Reforma da Previdência: quando o piso vira teto


O estratagema para esconder os estudos e pareceres que serviram de fundamento para a reforma da Previdência afinal tinha objetivo prosaico. O governo de Jair Bolsonaro esquivou-se, até onde pode, de abrir os microdados para não ser obrigado a revelar que as mudanças nas aposentadorias embutem uma gordura de centenas de bilhões.

Ao franquear o acesso aos números, surpreendeu até analistas mais atentos sobre o tamanho da economia da nova Previdência. Em vez de R$ 1,072 trilhão de ganho fiscal com as alterações, a expectativa é atingir uma cifra ainda maior: R$ 1,236 trilhão.
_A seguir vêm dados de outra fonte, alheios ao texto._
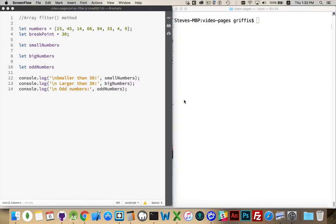We're going to look at the Array Filter method, similar to the Array Map method. In the previous video, we talked about how we could take an array and call a function once for each of the elements in the array. Array Filter does a similar thing — it creates a brand new array from another array by running through and looking at each one of the items, calling a function once for each of those items.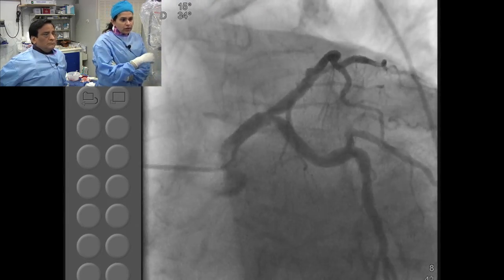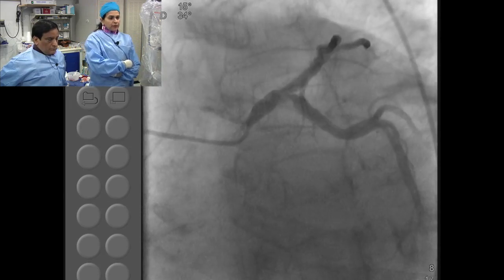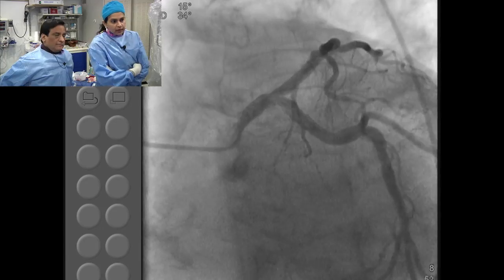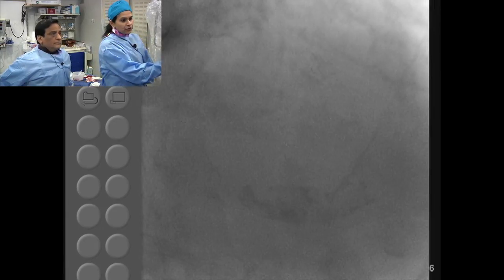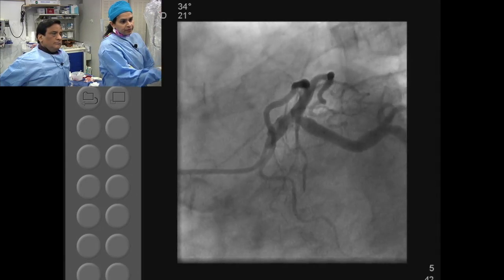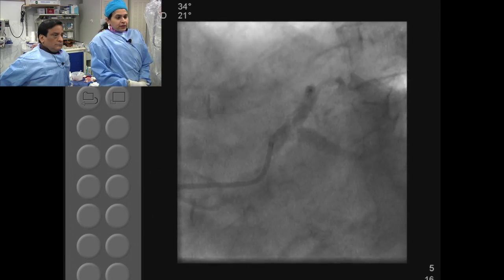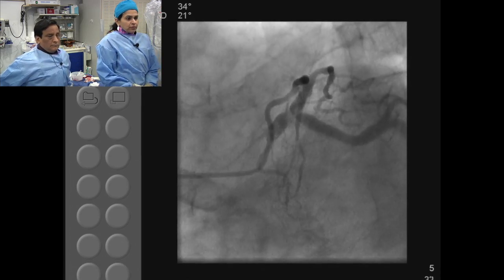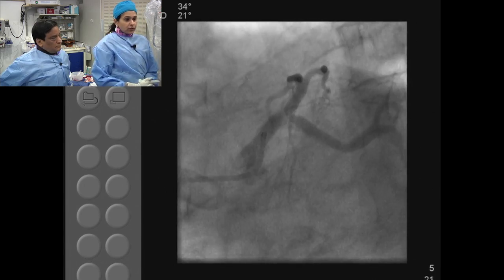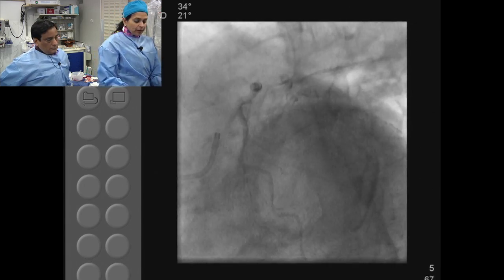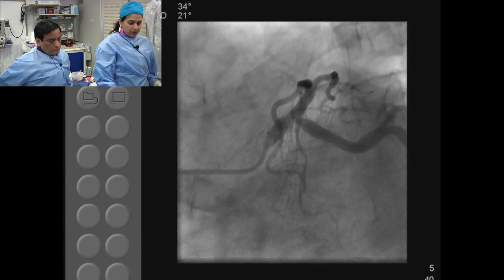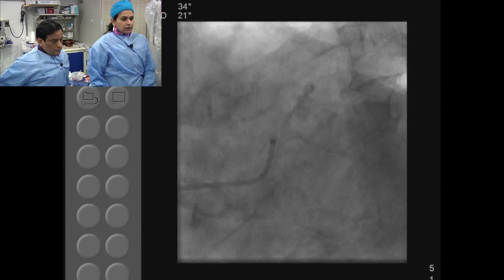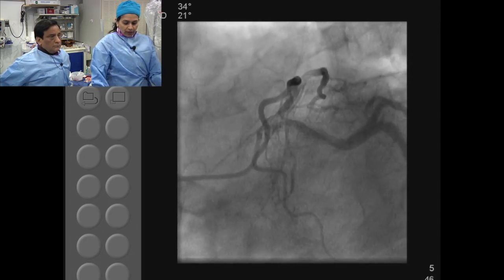Essentially we are talking about a calcific distal bifurcating left main. The biggest concern here would be the ostium of the circumflex. Based on the amount of calcium, we definitely want to do atherectomy. The question is how do we approach this — do we use imaging modality just to see the amount of calcium and then pick the atherectomy of choice? We have to do atherectomy of both vessels, and how we are going to do it is what we are going to show.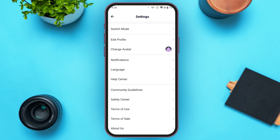Now you'll be led to this kind of interface. Here you can see several settings options. You can see options for switch mode, edit profile, change avatar, notifications, language, etc. All you have to do is tap on the language option that you can see at the fifth.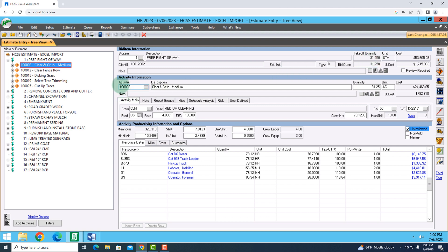In the middle of the screen, I have my activity information as far as what we're performing and how much of a quantity I have for that too. At the bottom, I can overlook all of the resources that I'll need, such as the equipment, laborers, materials, or even subcontractors.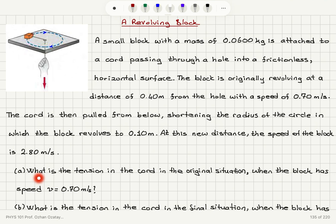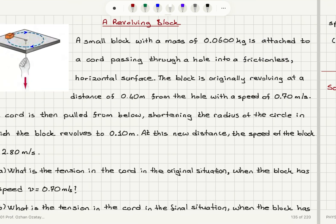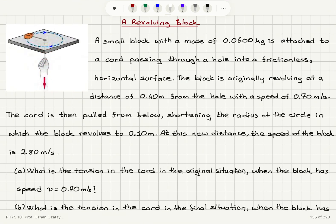Part A: What is the tension in the cord in the original situation when the block has a speed of 0.7 meters per second? Part B: What is the tension in the cord in the final situation when the block has a speed of 2.8 meters per second? And Part C: How much work was done by the person who pulled on the cord to shorten the radius?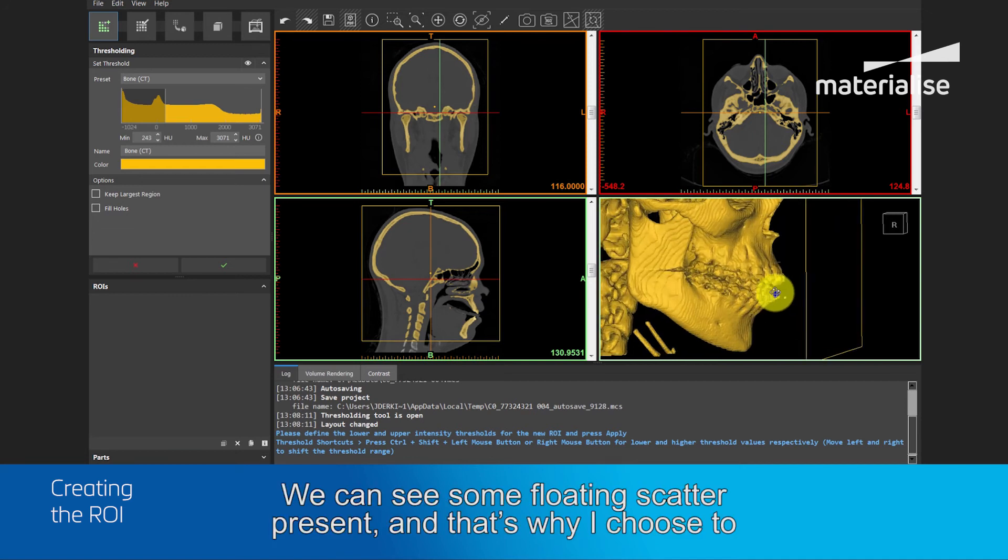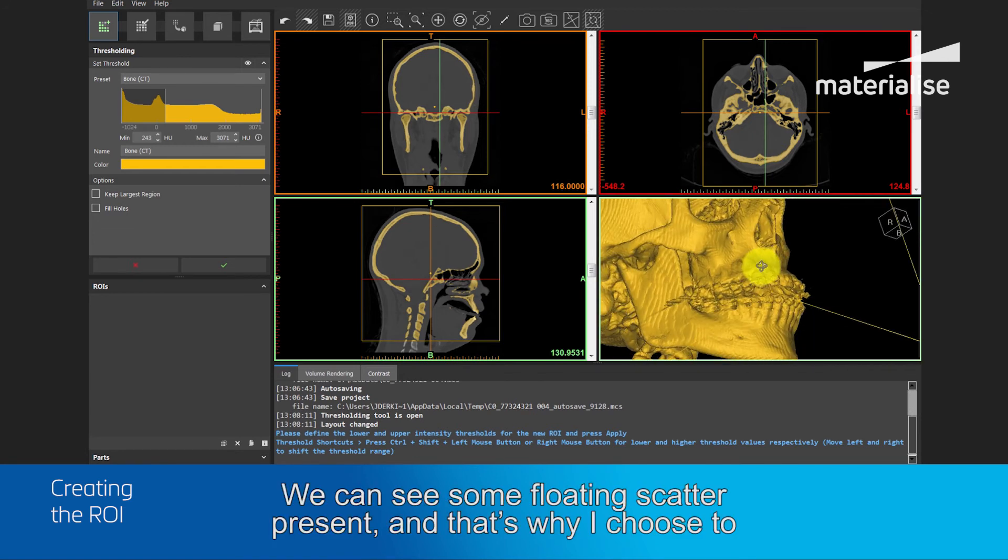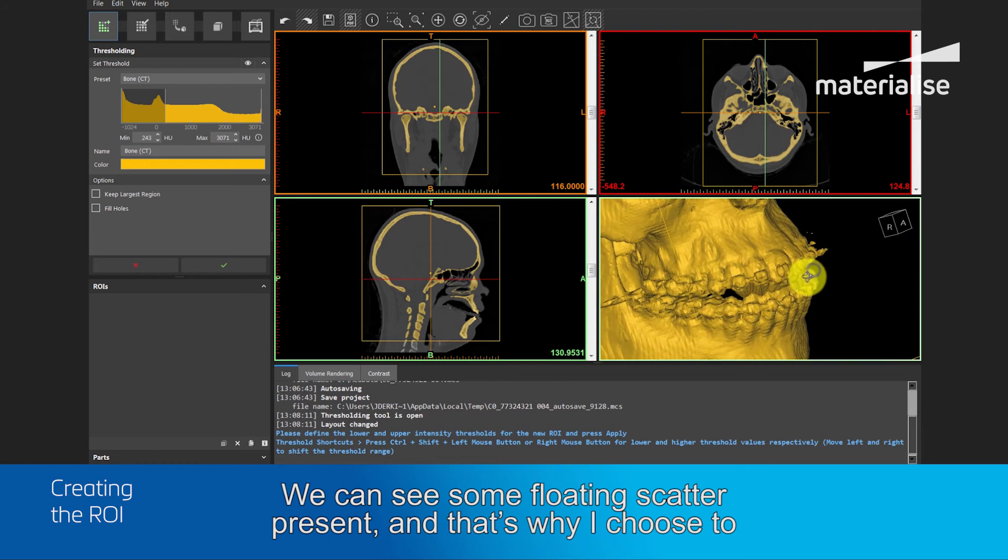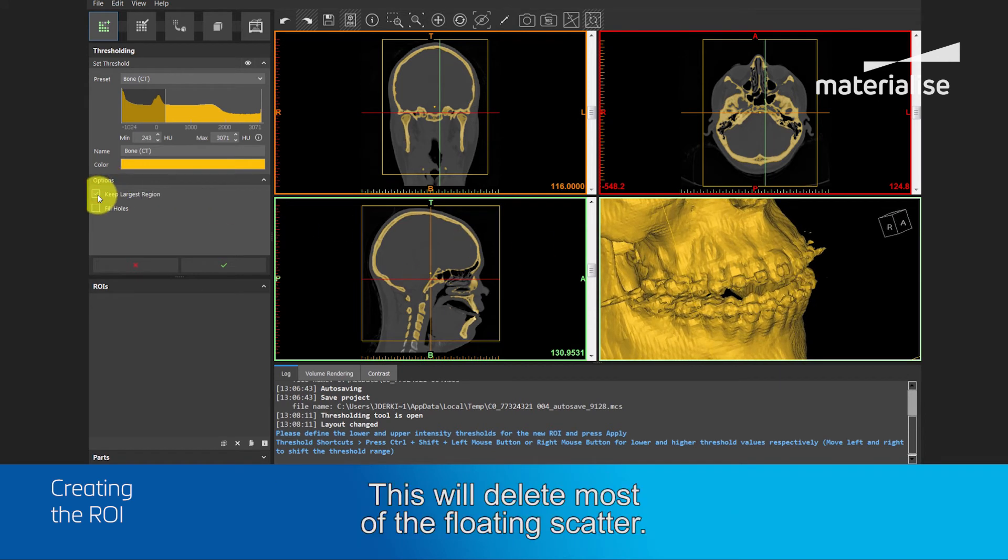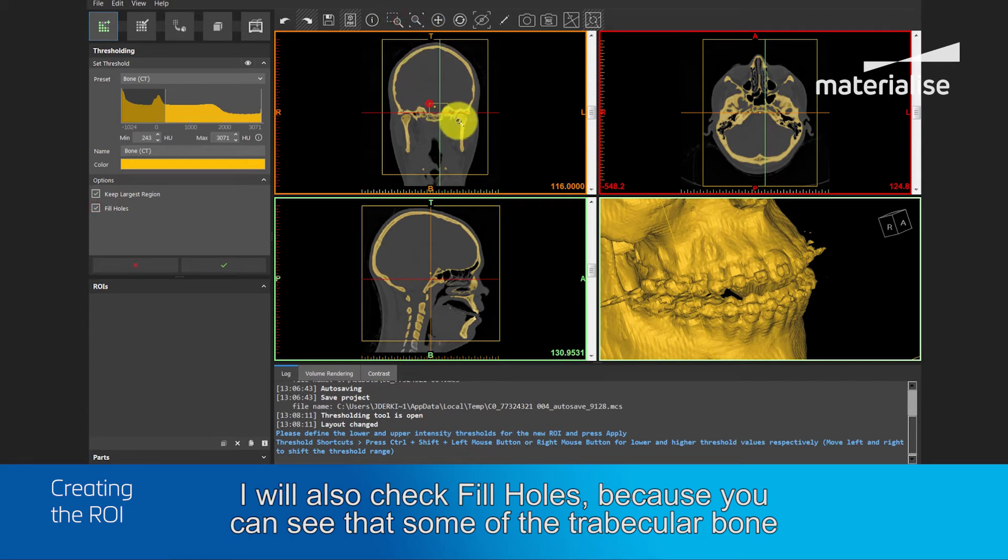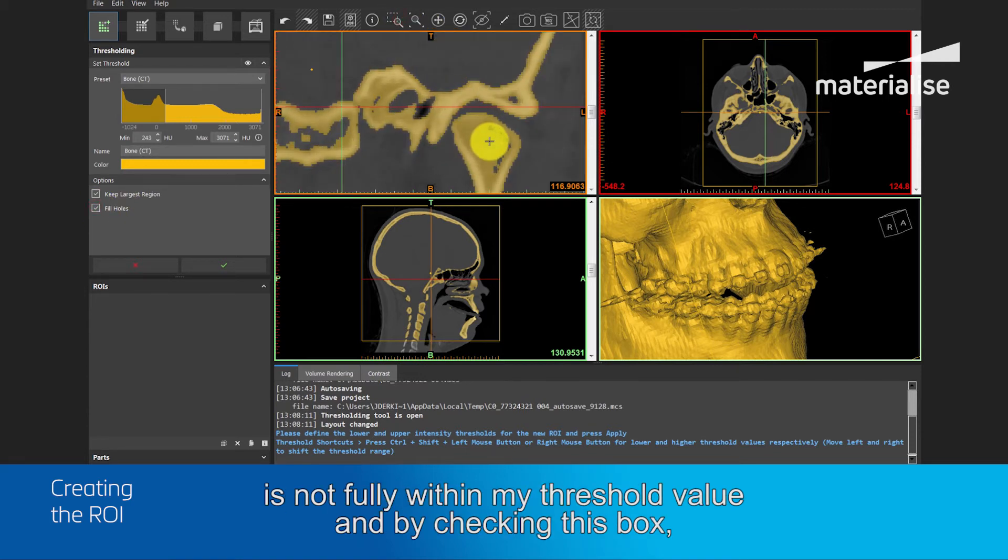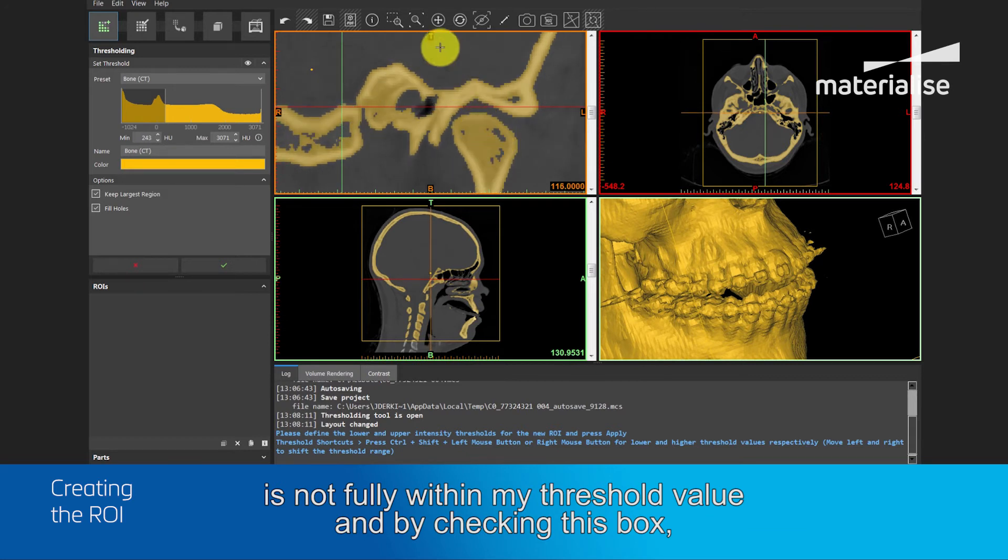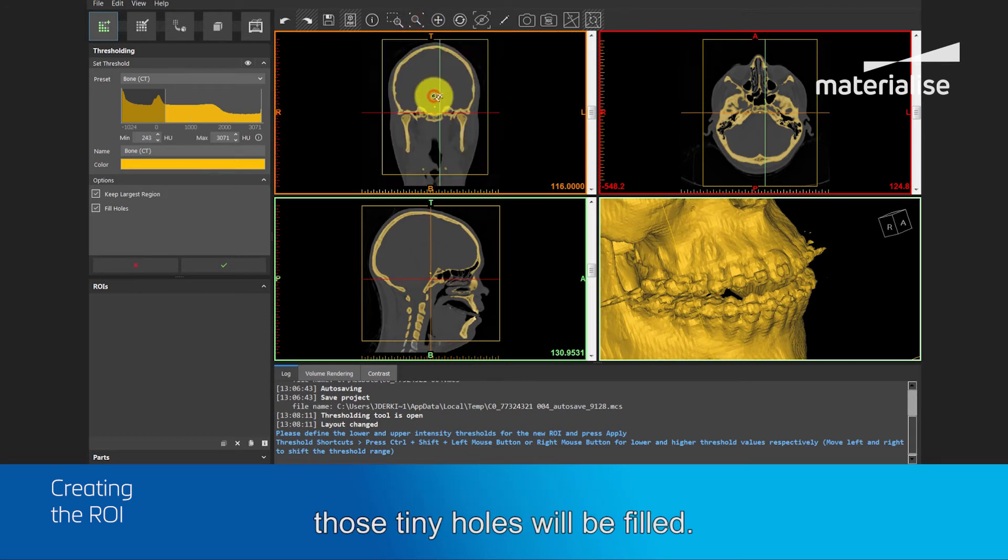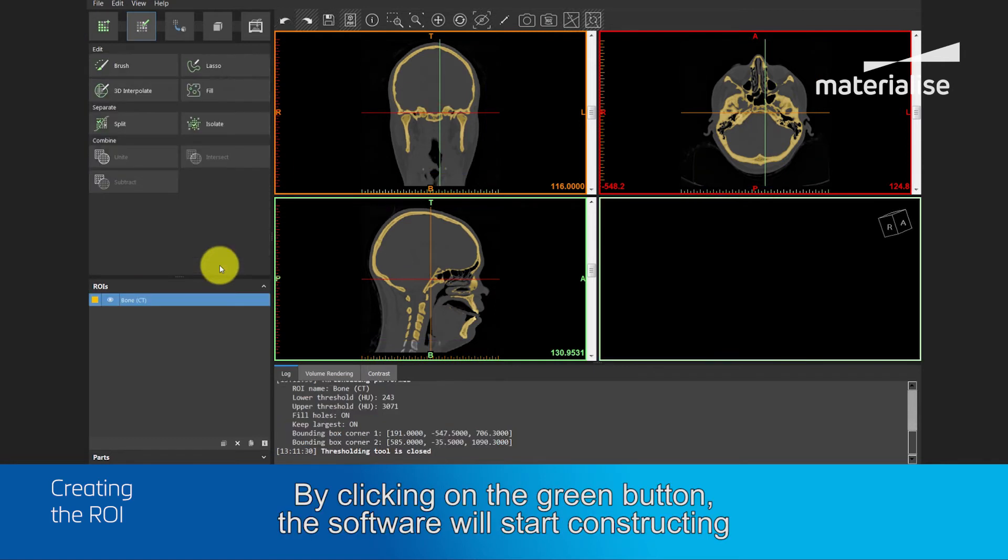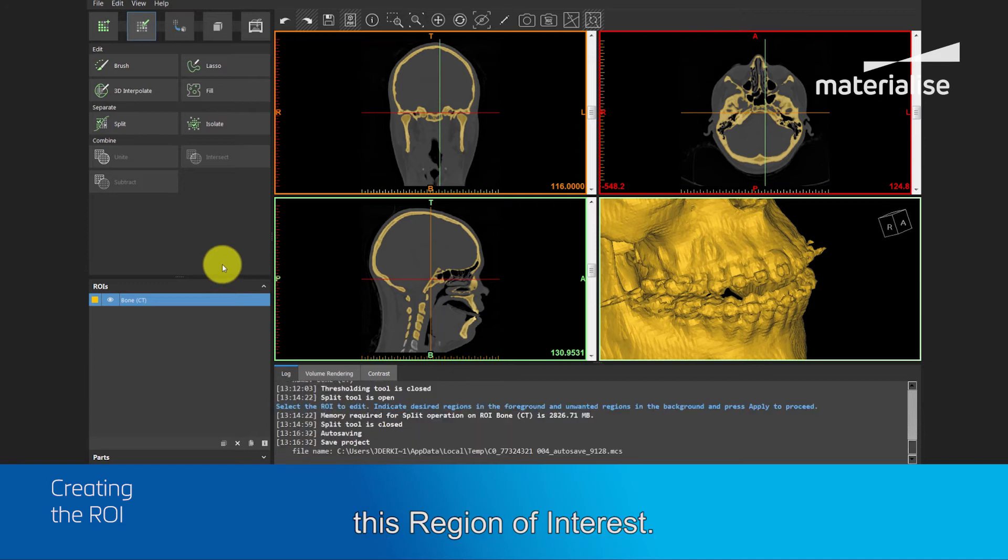We can see some floating scatter present, and that's why I choose to keep largest region. This will delete most of the floating scatter. I will also check fill holes, because you can see that some of the trabecular bone is not fully within my threshold value, and by checking this box, those tiny holes will be filled. By clicking on the green button, the software will start constructing this region of interest.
O argumento técnico é a atualização de parâmetros e o período de cálculo do impacto —o intervalo de dez anos será considerado a partir de 2020, e não mais 2019.

Com tamanha adiposidade, o espaço para acordo com congressistas é bastante elástico. Imagine se tivessem tomado conhecimento disso os incautos da CCJ (Comissão de Constituição e Justiça)! Lá, a PEC foi aprovada nesta semana com um placar folgado de 48 a 18 votos.

 

Dados na mesa, sabe-se agora que a pressão contra pontos polêmicos da proposta tem potencial de estrago limitado e absorvível. Caso venham a ser retiradas pelo governo as modificações no BPC, na aposentadoria rural, no abono salarial e nas regras para professores, durante a votação na comissão especial, a reforma mesmo assim garantirá um alívio acima de R$ 900 bilhões.

O valor é bem superior ao resultante do texto aprovado pela comissão especial da PEC previdenciária de Michel Temer em 2017. Após várias concessões, a proposta assegurava uma economia de R$ 600 bilhões —ok, é preciso considerar que de lá para cá as condições fiscais se deterioraram de forma expressiva.

Na quinta (25), o presidente Bolsonaro afirmou que o piso para negociação aceito por Paulo Guedes (Economia) é de R$ 800 bilhões. Do ponto de vista estratégico, uma obtusidade. O capitão reformado imagina ter estabelecido um piso. Na realpolitik, pode tratar-se de novo teto.